• Home
  • FG urges NUPENG to suspend…

FG urges NUPENG to suspend strike, pledges intervention in dispute

The Federal Government has appealed to the Nigeria Union of Petroleum and Natural Gas Workers to shelve its planned nationwide strike slated for Monday, pledging to intervene in the union’s face-off with the Dangote Refinery.

NUPENG, in a statement jointly signed by its President, Williams Akporeha, and General Secretary, Olawale Afolabi, said its Petroleum Tanker Drivers branch would suspend lifting petroleum products across the country.

The union is protesting Dangote Refinery’s refusal to allow drivers of its newly imported Compressed Natural Gas trucks to join any trade union, as well as the alleged threat the massive importation of the trucks poses to the jobs of its members.

However, NUPENG distanced itself from a statement credited to the President of the Direct Trucking Company Drivers Association, Enoch Kanawa, who had argued that the union lacked the authority to represent petroleum tanker drivers and urged Nigerians to ignore the strike notice.

Meanwhile,
NUPENG’s leadership alleged that the Kanawa-led DTCDA was a creation of the Dangote Refinery, which has barred its recruited drivers from joining the union.

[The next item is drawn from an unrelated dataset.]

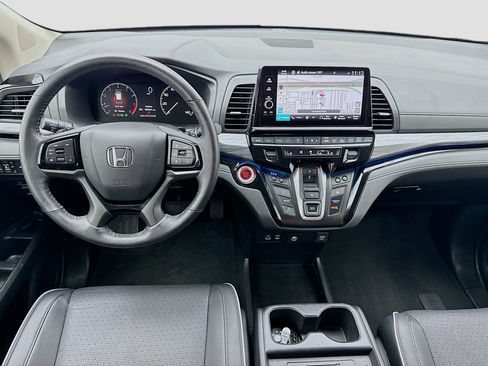 Used 2025 Honda Odyssey Elite image 15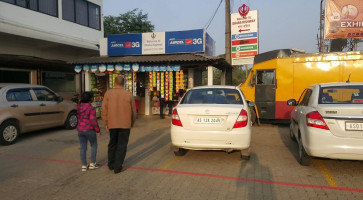 Dhaba Highway outside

It insisted that NUPENG remains the only statutorily recognised body authorised to unionise petroleum tanker drivers.

The union further vowed not to yield to what it described as “slavish conditions” being imposed by the refinery on the oil and gas industry.

“We ask our members, members of the public and independent minded objective segments of the media to disregard (DTCDA) and its statements…Slavery ended centuries ago but some unscrupulous capitalists are making efforts to bring it back.

“Any worker who cannot exercise the right of association is no better than a slave. Ordinary Nigerians should neither encourage nor support slavish working conditions,” NUPENG stated.

However, the federal government in a statement issued on Sunday by its Head of Information and Public Relations, Patience Onuobia, the Ministry of Labour and Employment said Minister Muhammad Dingyadi had called on the union to embrace dialogue in resolving the dispute.

The statement added that the minister also appealed to the Nigeria Labour Congress to withdraw the red alert it had issued to affiliate unions to prepare for a solidarity strike.

Dingyadi stressed that, with the ministry already intervening, labour should suspend plans to shut down the petroleum industry in order to preserve peace in the nation’s highly strategic oil and gas sector.

“I have invited all the parties for a conciliation meeting tomorrow, Monday, September 8, 2025. Since I have intervened, I plead with NUPENG to rescind their decision to shut down the petroleum sector from tomorrow. I also appeal to the NLC to withdraw the red alert it issued to its affiliate unions to be on standby for a nationwide strike in solidarity with NUPENG.

“The petroleum sector is very important to this country. It constitutes the core of the country’s economy. A strike in the petroleum sector, even for just a day, will have an adverse consequential impact on the economy. It will not only lead to heavy revenue losses by the country, running into billions of Naira, but also cause untold hardship and difficulties for Nigerians.

“Hence, I plead with the unions to give peace a chance. I assure them that this matter will be resolved amicably to the satisfaction of all the parties involved,” Dingyadi stated.

The minister further assured Nigerians that the dispute would be resolved amicably to prevent any disruption in the petroleum sector, which he described as critical to the nation’s economy.